Em 2003, em seu primeiro ano no primeiro governo, recordo que quando se preparava uma visita do presidente Lula aos EUA, o então Ministro da Educação, Cristovam Buarque, teria buscado promover um encontro do mandatário exatamente com Bill Gates. Porém, naquela época, ainda havia um sopro de esperança – Cartola diria uma esperança vaga – com algumas iniciativas no seio do governo visando a adoção , pelo Estado Brasileiro, do Software Livre, que seria implantado de forma ampla em toda a Administração Pública Federal, como superlativos e inquestionáveis benefícios para o povo brasileiro, sejam econômicos ou aqueles incalculáveis ganhos da independência tecnológica, cujos desdobramentos se configurariam em formidável estímulo para o desenvolvimento de tecnologias próprias neste ramo. Que, ninguém nega, é uma questão de poder.
Lembro que a iniciativa, supostamente do Ministro da Educação não tinha sido avaliada com simpatia pelos segmentos mais à esquerda da sociedade brasileira, especialmente, pelos protagonistas do Movimento do Software Livre. Desconheço como se deram exatamente as pugnas de bastidores, mas, ao final daquele ano ou pouco depois, Cristovam Buarque foi demitido num telefonema presidencial quando se encontrava no exterior.

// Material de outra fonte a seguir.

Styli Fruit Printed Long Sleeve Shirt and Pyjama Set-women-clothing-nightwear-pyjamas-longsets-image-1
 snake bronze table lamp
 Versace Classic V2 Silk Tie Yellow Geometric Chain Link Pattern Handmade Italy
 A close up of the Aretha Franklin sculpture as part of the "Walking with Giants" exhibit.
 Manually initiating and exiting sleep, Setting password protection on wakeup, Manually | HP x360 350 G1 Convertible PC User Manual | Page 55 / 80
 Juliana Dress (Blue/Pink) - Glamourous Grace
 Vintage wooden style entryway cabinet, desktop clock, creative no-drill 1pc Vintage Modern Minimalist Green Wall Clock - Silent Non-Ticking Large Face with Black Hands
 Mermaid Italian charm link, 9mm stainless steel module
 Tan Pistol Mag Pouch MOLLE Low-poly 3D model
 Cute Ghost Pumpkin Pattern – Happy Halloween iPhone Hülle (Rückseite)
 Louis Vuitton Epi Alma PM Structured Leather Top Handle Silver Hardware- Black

Mas, com a volta de Lula ao Alvorada, para um terceiro mandato, o que se nota é que a bandeira do Software Livre parece esquecida no Palácio do Planalto, não apenas no Ministério da Educação, onde se registra desconcertante e temerário espaço para políticas elaboradas e aplicadas pela Fundação Leman. No mínimo, a premiação de Lula pelo dono da Microsoft indicaria que não há nada mais remoto e esquecido hoje que a ideia da disseminação dos software não proprietários pelo Brasil. E, também esquecida está, a Política de Reserva de Mercado para Informática, que levou o Brasil a ser um dos poucos a alcançar a produção de minicomputadores com tecnologia totalmente nacional. É curioso este esquecimento por parte do Presidente Lula, já que ele próprio tem recordado e divulgado todas as conquistas do Legado de Vargas, e, em diversas ocasiões, o presidente refere-se ao Governo Geisel como um período em que , em que pese o regime ditatorial, foram adotadas medidas corretas, como a implantação de estatais, o fortalecimento da Petrobrás, a criação da BR Distribuidora, e, também, a política de independência tecnológica na produção de hardware e software, consubstanciada na estatal Cobra, indústria de computadores. Os carentes de manejo sustentável da dialética poderão se confundir que há alguma reivindicação do ex-ministro Cristovam, ou nostalgia pelos tempos autoritários. Nem uma coisa, nem outra, O que há aqui é reivindicação de uma política de estado para setor de informática, o que impediria que Lula caísse na armadilha bilionária do Gates, como queria antes o ex ministro da educação.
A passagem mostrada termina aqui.